Everything from the line with "Determine the domain" down to the line with "消防工程驗收的相關(guān)規(guī)定 消防工程驗" below must be printed exactly, those two lines included. Exclude pictures.

──────── SUPPLIED RECORDS ────────

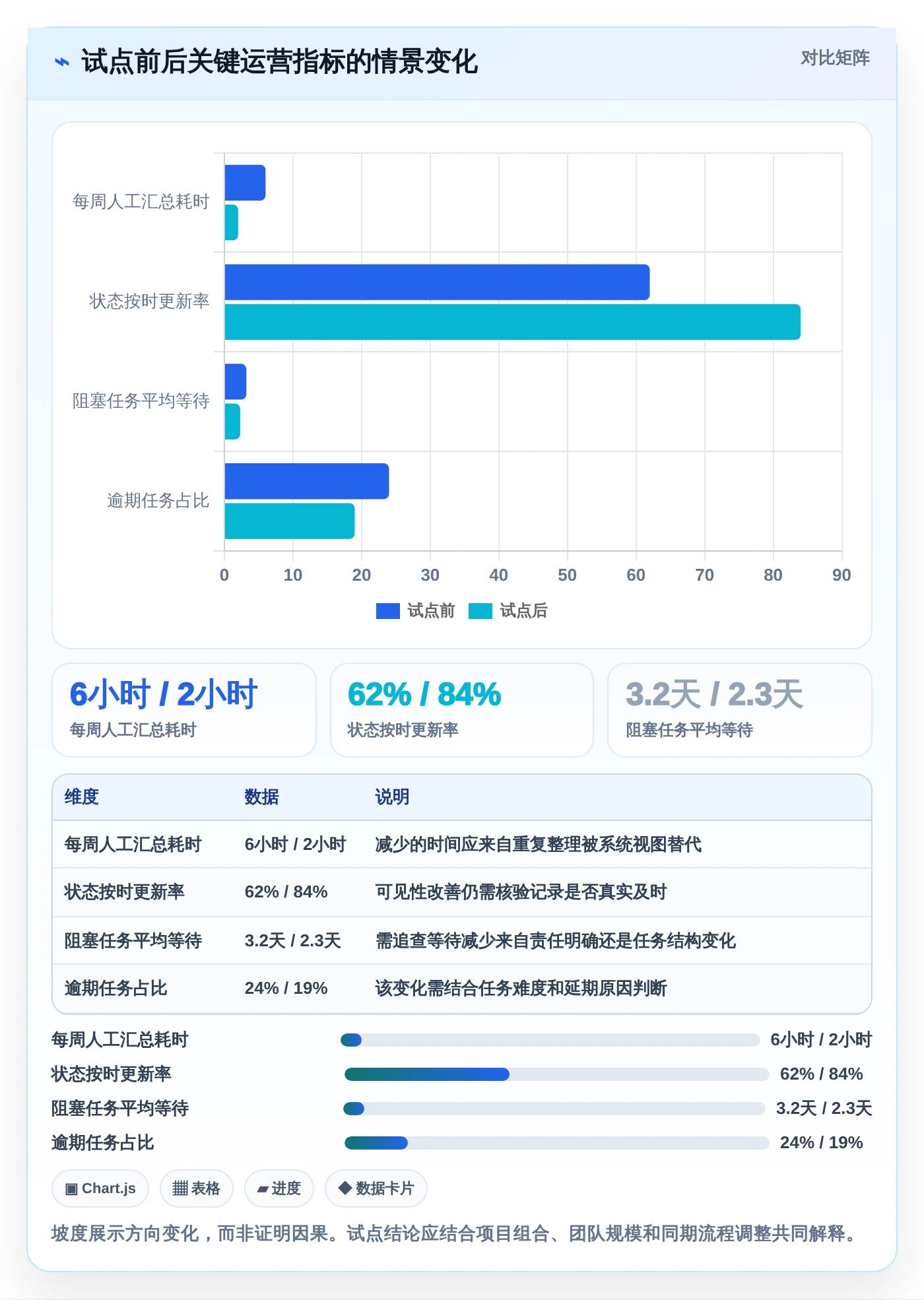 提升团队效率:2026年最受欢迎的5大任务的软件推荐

────────
──────── SUPPLIED RECORDS ────────

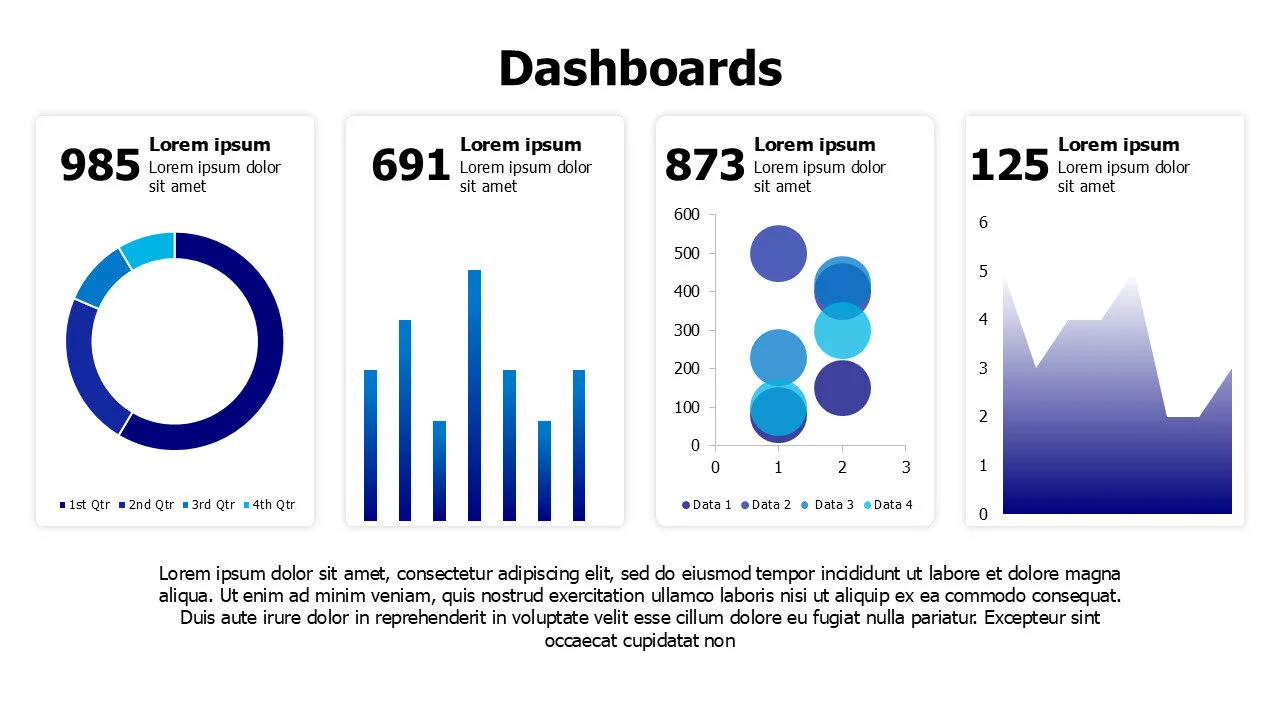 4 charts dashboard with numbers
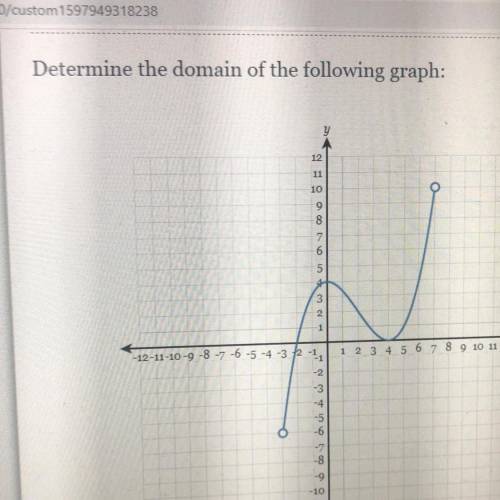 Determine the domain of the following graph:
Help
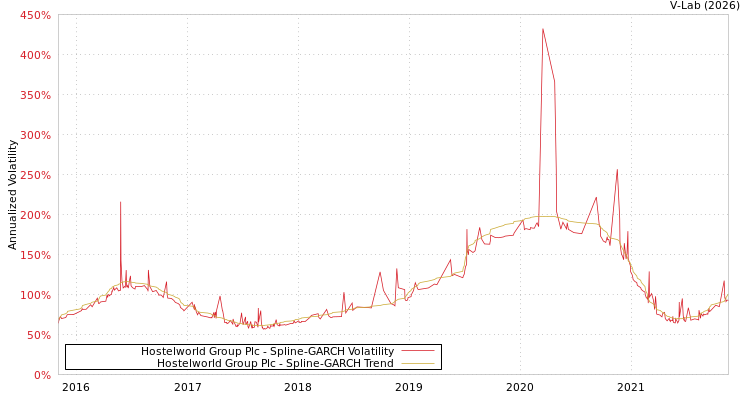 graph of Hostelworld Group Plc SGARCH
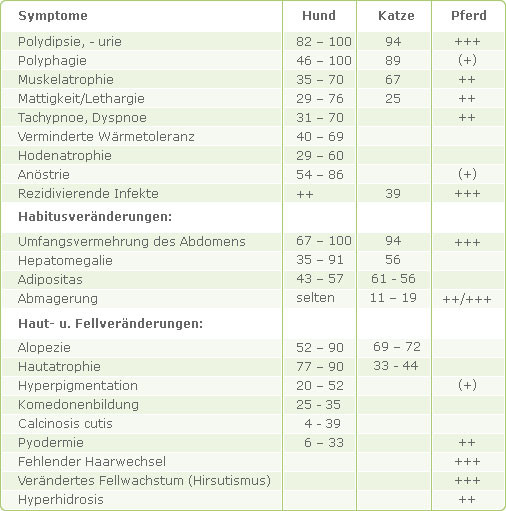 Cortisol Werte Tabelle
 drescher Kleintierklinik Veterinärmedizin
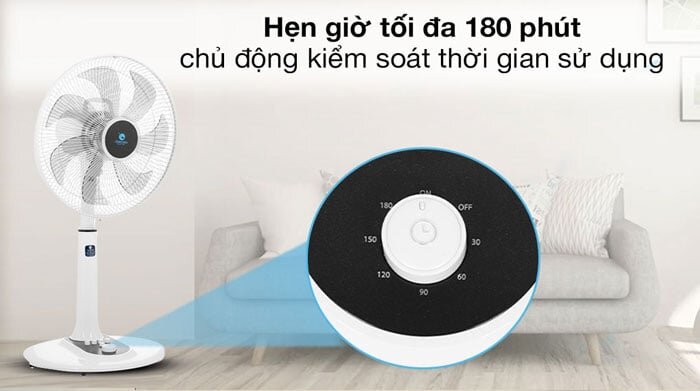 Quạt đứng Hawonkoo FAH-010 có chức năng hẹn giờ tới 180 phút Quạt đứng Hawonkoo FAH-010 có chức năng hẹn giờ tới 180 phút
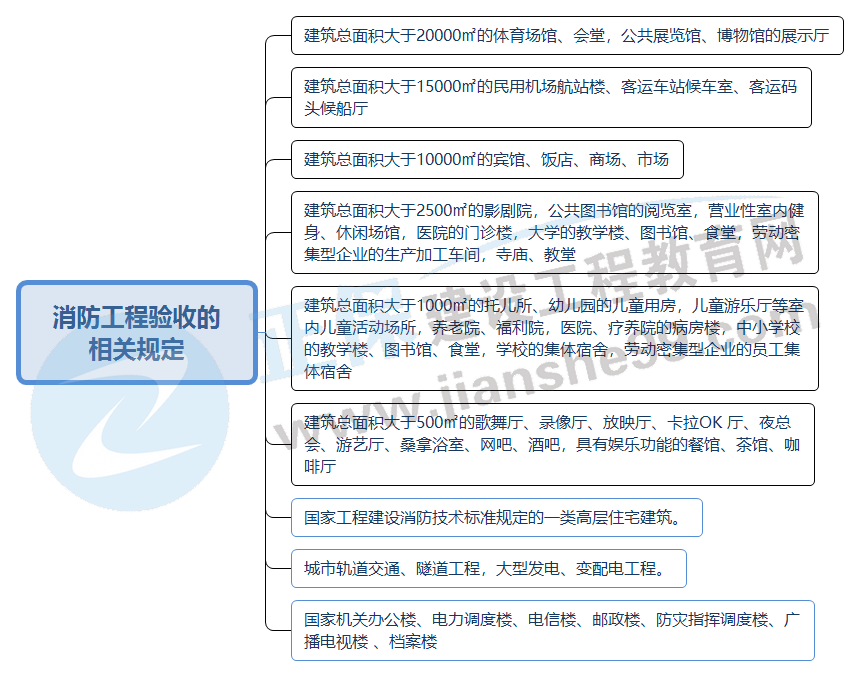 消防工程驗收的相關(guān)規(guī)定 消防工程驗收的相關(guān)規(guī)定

────────

- _RESULT OF THIS EXERCISE_:
 Determine the domain of the following graph:
Help
 graph of Hostelworld Group Plc SGARCH
 Cortisol Werte Tabelle
 drescher Kleintierklinik Veterinärmedizin
 Quạt đứng Hawonkoo FAH-010 có chức năng hẹn giờ tới 180 phút Quạt đứng Hawonkoo FAH-010 có chức năng hẹn giờ tới 180 phút
 消防工程驗收的相關(guān)規(guī)定 消防工程驗收的相關(guān)規(guī)定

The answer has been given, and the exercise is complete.